2. Description of the Related Art
An enclosed space where the internal air atmosphere may not exceed a predefined temperature, such as for example a cold storage, archive or IT area, is usually equipped with an air conditioning system in order to air condition the space accordingly. The air conditioning system is designed and correspondingly dimensioned such that a sufficient amount of heat, thermal energy respectively, can be discharged from the internal air atmosphere within the enclosed space so as to maintain the temperature inside the space within a predefined range. In the case of a cold storage area, for example, the temperature to be maintained is usually of a value which requires virtually permanent cooling and thus, the continuous operation of an air conditioning system, since temperature fluctuations are preferably also to be avoided in this case. This applies in particular to deep-freeze storage areas which are operated at temperatures to −20° C.
Air conditioning systems are however also utilized in IT rooms or switchgear cabinets, for example, in order to prevent—in particular due to the heat produced within the space by electronic components, etc.—the temperature of the internal air atmosphere within the space from reaching a critical value.
The air conditioning system is thereby to be dimensioned such that a sufficient amount of heat can be discharged from the internal air atmosphere within the space at any time so that the temperature within the space will not exceed the temperature predefined based on need and application.

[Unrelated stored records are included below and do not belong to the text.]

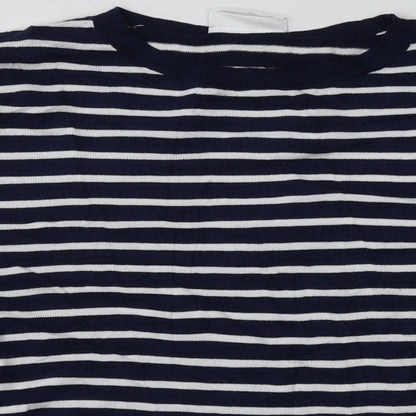 Close-up detail of wallus women’s blue striped viscose pullover sweatshirt, size M, pullover
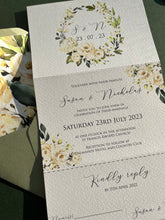 Load image into Gallery viewer, Green and white concertina wedding invitation set
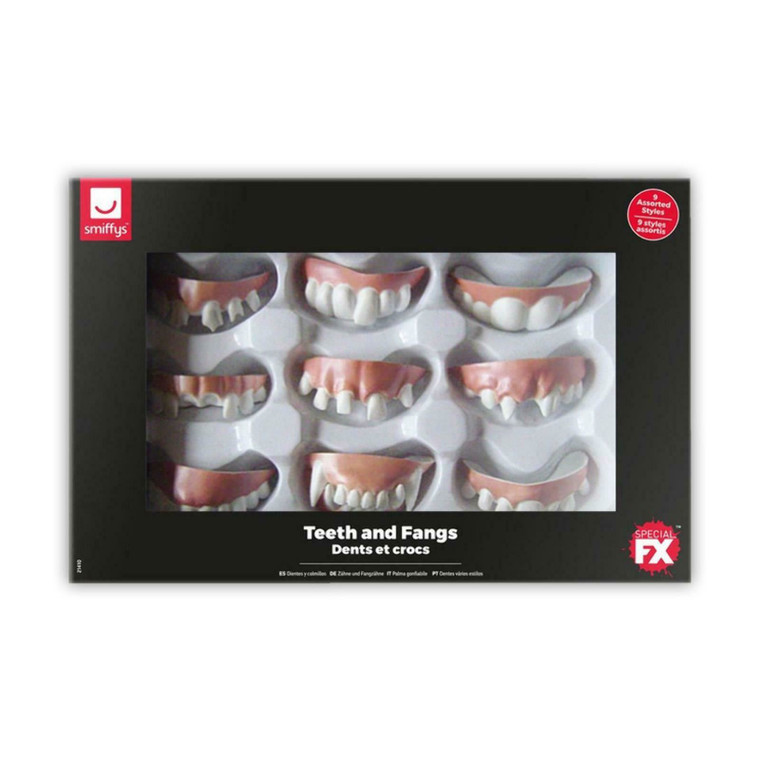 9 x Teeth and Fangs Theatre Character Halloween Hillbilly Vampire Buck Gapped
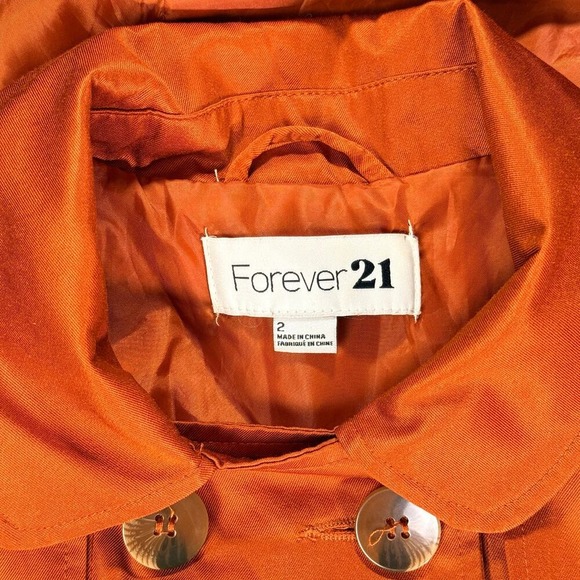 Forever 21 Hooded Double Breasted Pea Coat Jacket Women Size 2 Burnt Orange Twee - Picture 2 of 13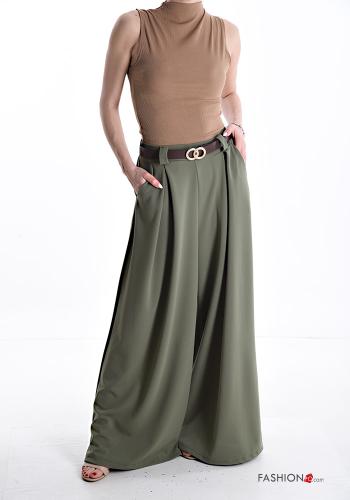 Pantalone lungo oversize wide leg con cintura con tasche - ph 5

The amount of heat to be discharged by the air conditioning system from the internal air atmosphere within the space is dependent on the flow of heat diffused through the inside shell of the space (heat conduction). Should heat-radiating objects be located in the enclosed space, the heat generated within the space adds to the further not insignificant amount of heat to be discharged to the outside. In particular in the case of areas housing servers, but also in the case of switchgear cabinets housing computer components, sufficiently discharging the heat which develops plays a crucial role in effectively preventing overheating and malfunction or even destruction of the electronic components.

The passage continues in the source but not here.